Baru-baru ini, sebuah insiden perundungan di lingkungan sekolah terjadi di SMKN Cikarang Barat, Kabupaten Bekasi, yang melibatkan seorang siswa bernama AAI berusia 16 tahun. AAI dilaporkan mengalami patah tulang rahang setelah mengalami kekerasan fisik oleh kakak kelasnya.
Insiden ini mengundang perhatian publik dan pihak berwajib.

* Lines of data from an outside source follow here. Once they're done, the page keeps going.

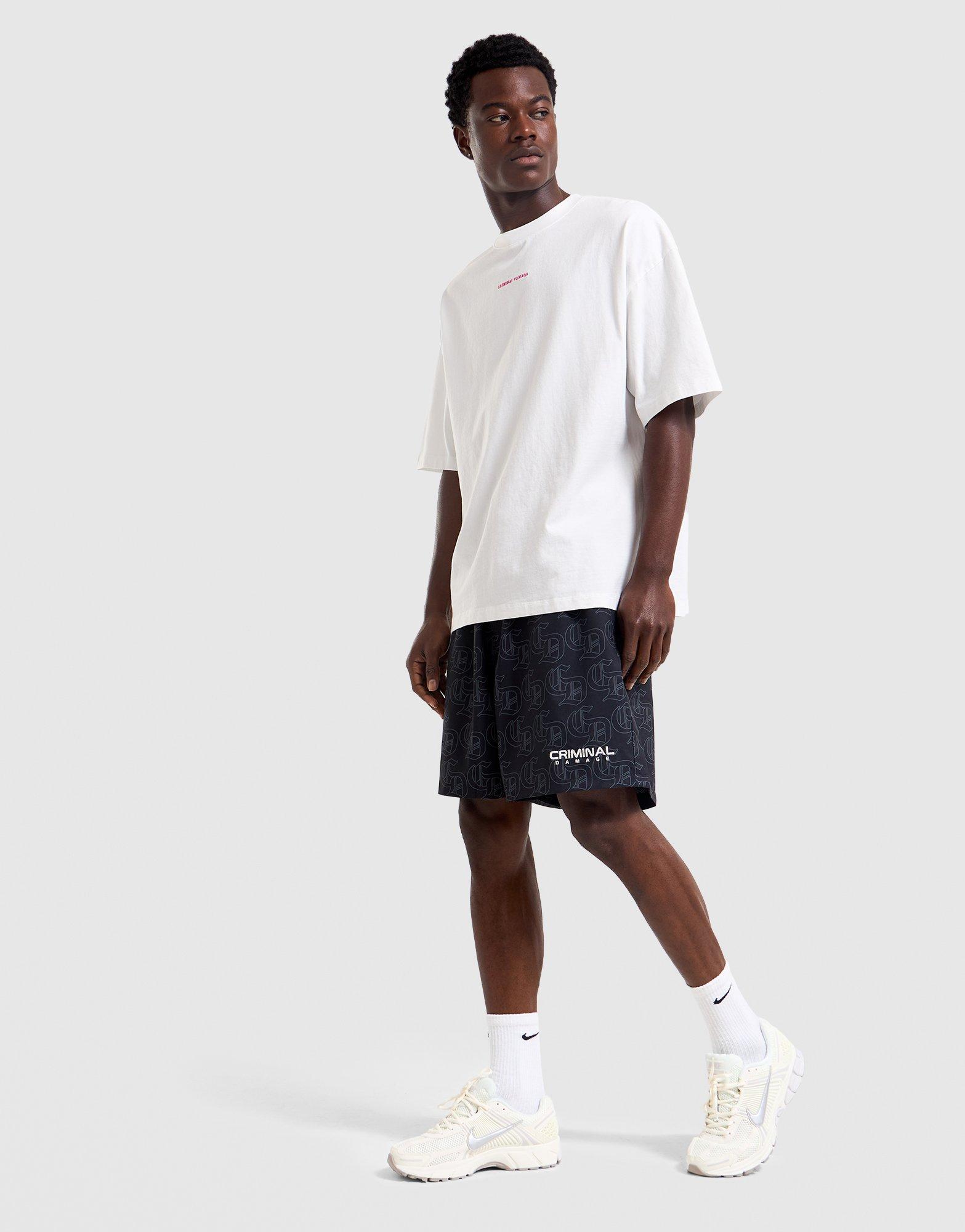 Criminal Damage Monogram Woven Shorts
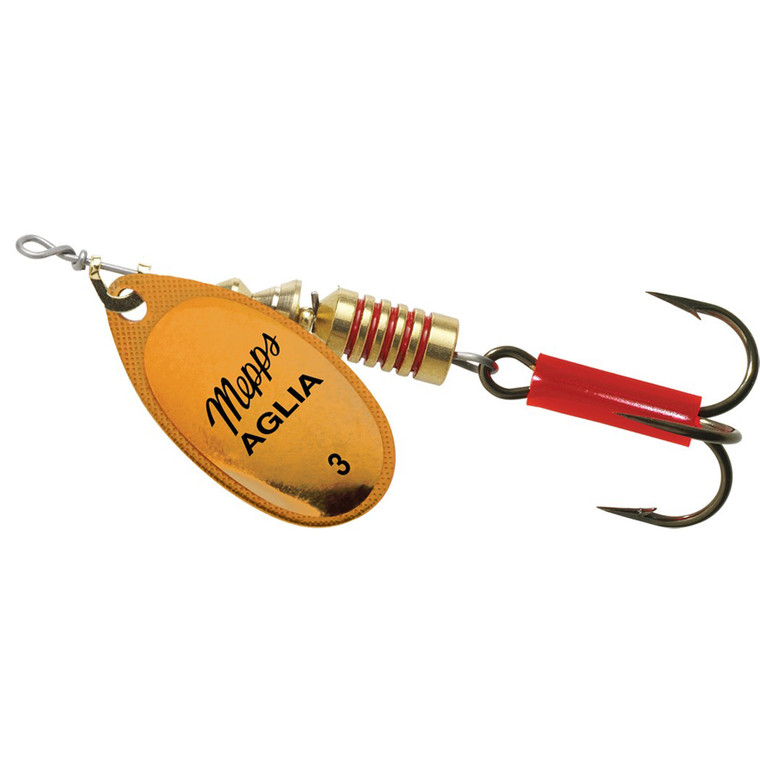 Mepps Aglia Plain - 1/4oz Orange Platium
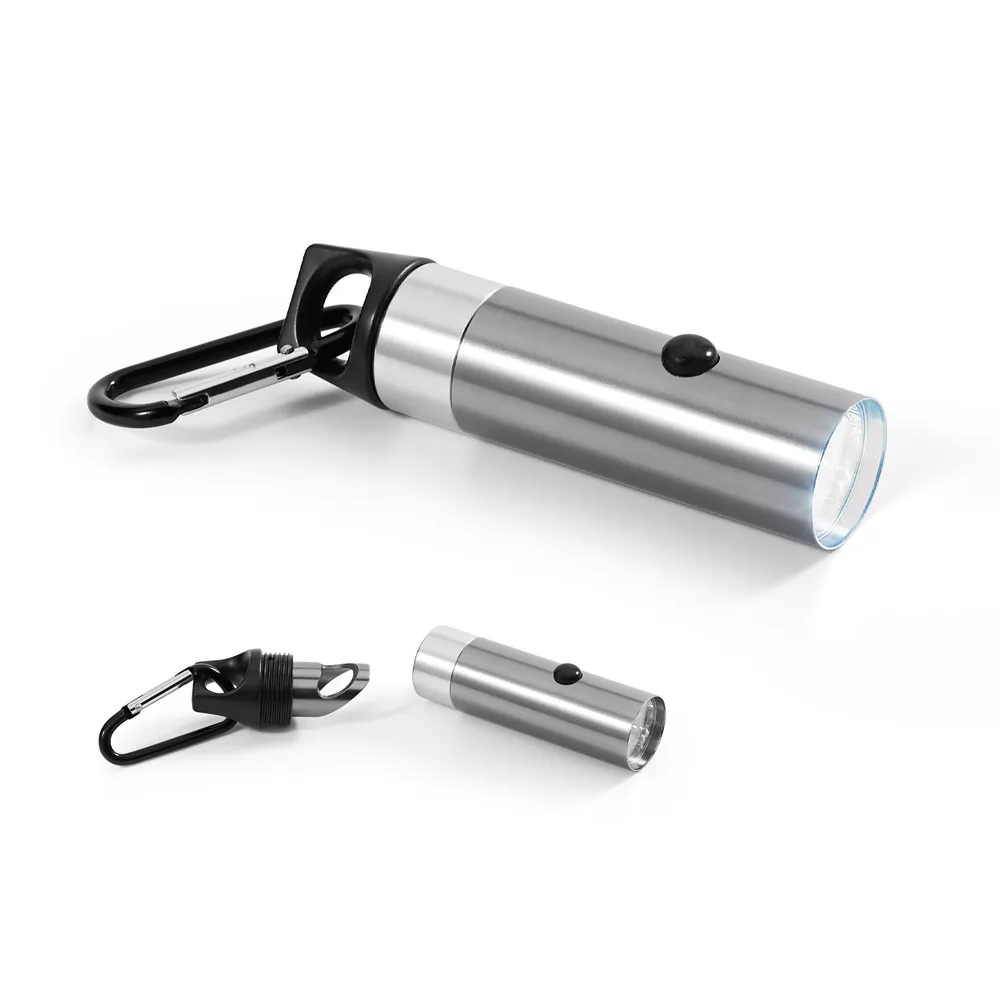 Lanterna em alumínio com 6 LEDs Personalizada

Polisi sejauh ini telah memeriksa sebanyak 13 saksi dan menetapkan enam siswa sebagai tersangka terkait peristiwa tersebut.
“Kita tetapkan enam orang tersangka, termasuk satu dewasa yang sudah berusia di atas 18 tahun,” ungkap Kapolsek Cikarang Barat AKP Tri Bintang Baskoro saat memberikan penjelasan kepada wartawan.
Proses Penyidikan dan Penetapan Tersangka dalam Kasus ini
Penyidikan lebih lanjut mengungkapkan bahwa para tersangka melancarkan aksi perundungan ini karena menganggap korban telah melanggar aturan yang mereka anggap berlaku. Dalam hal ini, mereka menilai bahwa AAI berfoto bersama siswi dengan menggunakan seragam sekolah merupakan tindakan yang tidak sesuai.
Menurut keterangan yang diperoleh, setelah kejadian tersebut, korban AAI diundang ke luar lapangan sekolah pada saat jam istirahat. Di sinilah aksi kekerasan fisik terjadi ketika para pelaku mencegatnya dan melakukan pemukulan secara bersama-sama.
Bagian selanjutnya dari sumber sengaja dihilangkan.